Privacy Policy

Nandella ("we", "us", "our") is a personal identity hub service that lets individuals store, manage and share their professional identity. We are committed to protecting your personal data in full accordance with the EU General Data Protection Regulation (GDPR), the UK GDPR, and applicable data protection laws worldwide.

Data controller: Nandella Inc. · Contact: privacy@nandella.io

We only collect data you explicitly provide. We never sell it, never use it for advertising, and never share it without your consent. The categories of data we collect are:

• Identity data — name, preferred name, date of birth, nationality
• Contact data — email address, phone number, postal address, website
• Professional data — career history, education, skills, certifications, references
• Social data — links to third-party social profiles you voluntarily add
• Technical data — IP address (session only), browser type, access timestamps
• Usage data — share link access counts (no viewer PII stored)

We do not collect health data, financial data, criminal records, or any special category data under GDPR Article 9 unless you voluntarily add it to a module designed for that purpose and give explicit consent.

We use your data exclusively to provide the Nandella service:

• Storing and displaying your identity hub data to you
• Generating documents (resumes, business cards, portfolios) on your request
• Serving your public profile pages to viewers — only when you explicitly toggle a feature public
• Sending transactional emails (registration confirmation, password reset, share-access alerts)
• Fraud prevention and security monitoring

We do not use your data to train AI models. AI features use your data as input for a single API call and the data is not retained by the AI provider beyond that call.

By default, all your data is private. No data is publicly accessible without your explicit action.

When you toggle a feature public (e.g. "Business card", "Portfolio"), you give explicit consent for that specific data subset to be viewable by anyone with the public URL. You can revoke this consent at any time by toggling the feature off — the public URL will immediately return a blank page and the data will no longer be served.

Toggling a feature off is equivalent to withdrawing consent under GDPR Article 7(3). Withdrawal does not affect the lawfulness of processing that occurred before withdrawal.

• Location: All data is stored in the European Union (Supabase Frankfurt, eu-central-1). We do not transfer personal data outside the EEA without adequate safeguards.
• Encryption: All data is encrypted in transit (TLS 1.3) and at rest (AES-256).
• Access control: Row-level security policies ensure users can only access their own data. Database credentials are never exposed to client-side code.
• Audit logging: All significant data operations are logged in our append-only audit log for GDPR compliance and security review.

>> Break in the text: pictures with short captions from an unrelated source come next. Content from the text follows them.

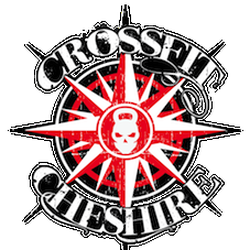 Crossfit Cheshire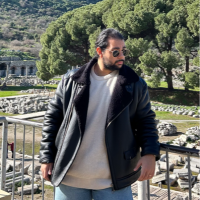lacrimabeats profil fotoğrafı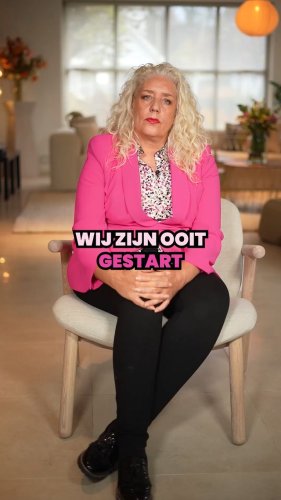 Video post from masteryourbusinessmoves.nl.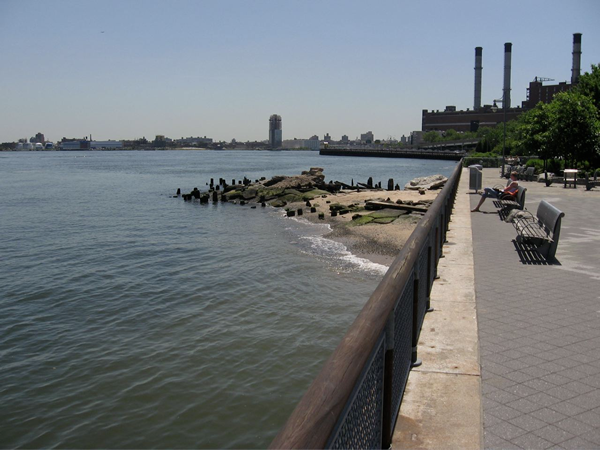 stuycovebeach
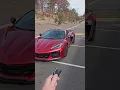 Download Lagu Corvette C8 Z06: 0-60 Test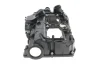 Кришка клапанів BMW 3 (F30/F80)/4 (F32/F82)/5 (F10/)X5 (F15/F85) (N20 B20 A/B/C/D) 09- 477.540 ELRING 477-540 (фото 7)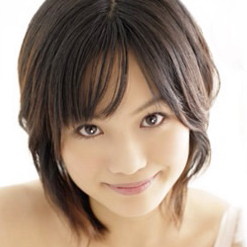 武田真子(武田まこ)2018年11月最新作品15部合集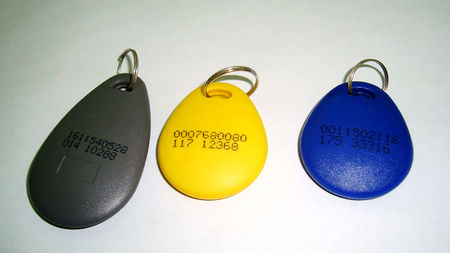 EM4305EM4305EM4305Կ׿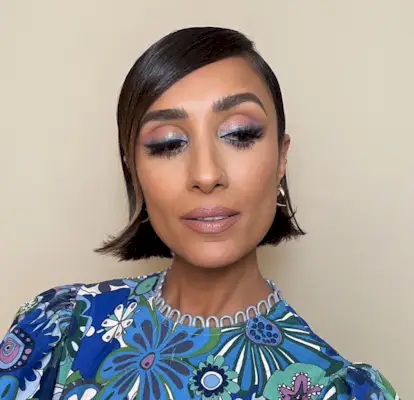 classy-haircuts-303956-1671101966638-main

We retain your data for as long as you maintain an active account. You may request deletion at any time. Upon deletion:

• All personal data is marked for erasure immediately
• A 30-day grace period applies, after which all data is permanently deleted from our database and backups
• Anonymised aggregate statistics (e.g. total share link views with no PII) may be retained for service analytics

You have the following rights, exercisable at any time by contacting privacy@nandella.io:

• Right of access (Article 15) — request a copy of all data we hold about you
• Right to rectification (Article 16) — correct inaccurate data at any time via the dashboard
• Right to erasure (Article 17) — request permanent deletion of all your data
• Right to portability (Article 20) — export all your data in JSON format from Settings
• Right to restrict processing (Article 18) — request that we limit how we use your data
• Right to object (Article 21) — object to processing based on legitimate interests
• Right to withdraw consent — withdraw any consent at any time (toggle features off)

We will respond to all rights requests within 30 days. You also have the right to lodge a complaint with your national data protection authority.

We use only strictly necessary cookies required for authentication. We do not use tracking cookies, advertising cookies, or analytics cookies. No cookie consent banner is required because we do not place any non-essential cookies.

We share data with the following sub-processors, each bound by GDPR-compliant data processing agreements:

• Supabase Inc. — database, authentication, and file storage (EU region)
• Anthropic PBC — AI text generation for resume bullets, bios, cover letters (data used per-call only, not retained for training)
• Vercel Inc. — application hosting and edge delivery
• QR Server — QR code image generation (receives URLs only, no personal data)

Nandella is not intended for users under 16 years of age. We do not knowingly collect personal data from children. If you believe a child has provided us with personal data, contact us immediately at privacy@nandella.io and we will delete it.

We may update this policy from time to time. We will notify you by email and display a notice in the dashboard at least 14 days before any material changes take effect. Continued use of Nandella after the effective date constitutes acceptance of the updated policy.

For any privacy-related questions, data requests, or complaints:

• Email: privacy@nandella.io
• Response time: within 5 business days for general enquiries, 30 days for formal rights requests

If you are unsatisfied with our response, you have the right to complain to the supervisory authority in your country of residence. In the EU, you can find your national authority at edpb.europa.eu.